Benjamin Thomas Hamilton (born August 18, 1977) is a former American college and professional football player who was a guard and center in the National Football League (NFL) for ten seasons.  He played college football for the University of Minnesota, and was a two-time consensus All-American.  The Denver Broncos picked him in the fourth round of the 2001 NFL Draft, and he played professionally for the Broncos and Seattle Seahawks of the NFL.

Early years
Hamilton was born in Minneapolis, Minnesota, the son of former Minnesota Vikings offensive lineman Wes Hamilton. He attended Wayzata High School in Plymouth, Minnesota, and was all-state selection in football.

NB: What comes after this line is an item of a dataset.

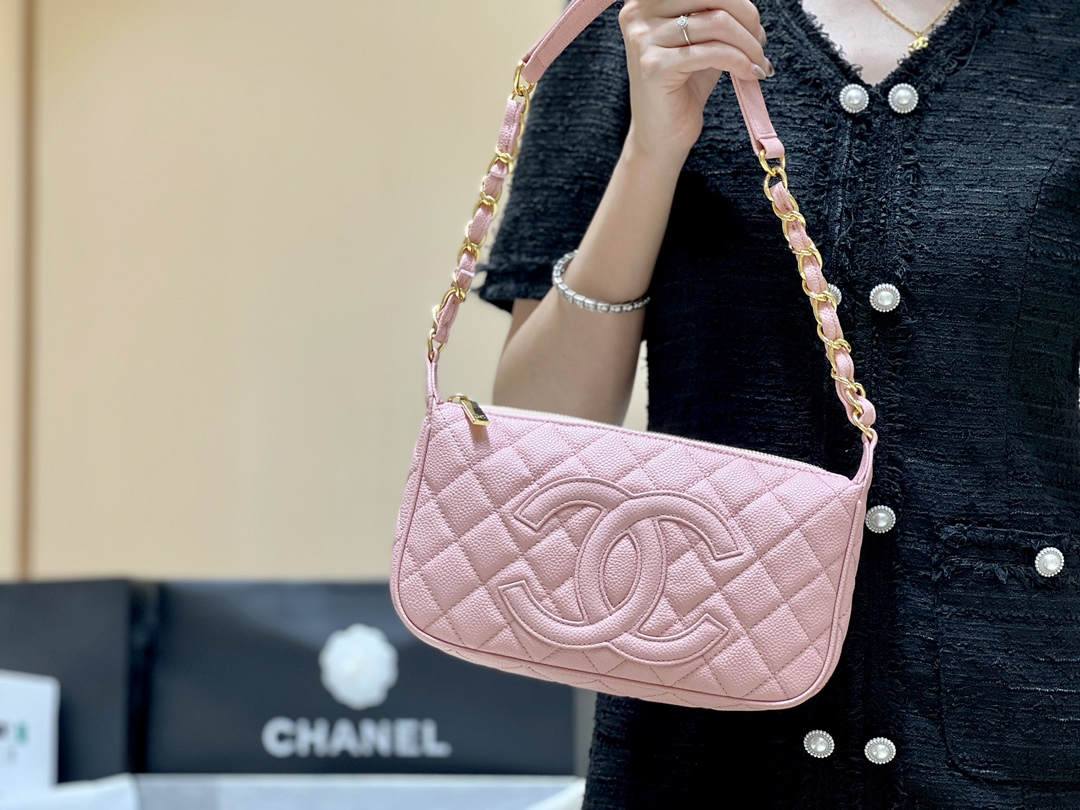 Ellebag’s Exquisite Replica: The Pink Caviar Leather Chanel Bag with Wide Leather-Interlaced Chain and Gold Hardware(2024 Dec Updated)-Интернет-магазин поддельной сумки Louis Vuitton лучшего качества, копия дизайнерской сумки ru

He graduated in 1996.

College career
He attended the University of Minnesota, where he played for the Minnesota Golden Gophers football team from 1996 to 2000.  He was a two-time first-team All-Big Ten selection, and was recognized as a consensus first-team All-American in 1999 and 2000.

Professional career
He was drafted by the Denver Broncos in the fourth round of the 2001 NFL Draft.  After playing his entire career with the Broncos, Hamilton signed with the Seattle Seahawks on April 20, 2010.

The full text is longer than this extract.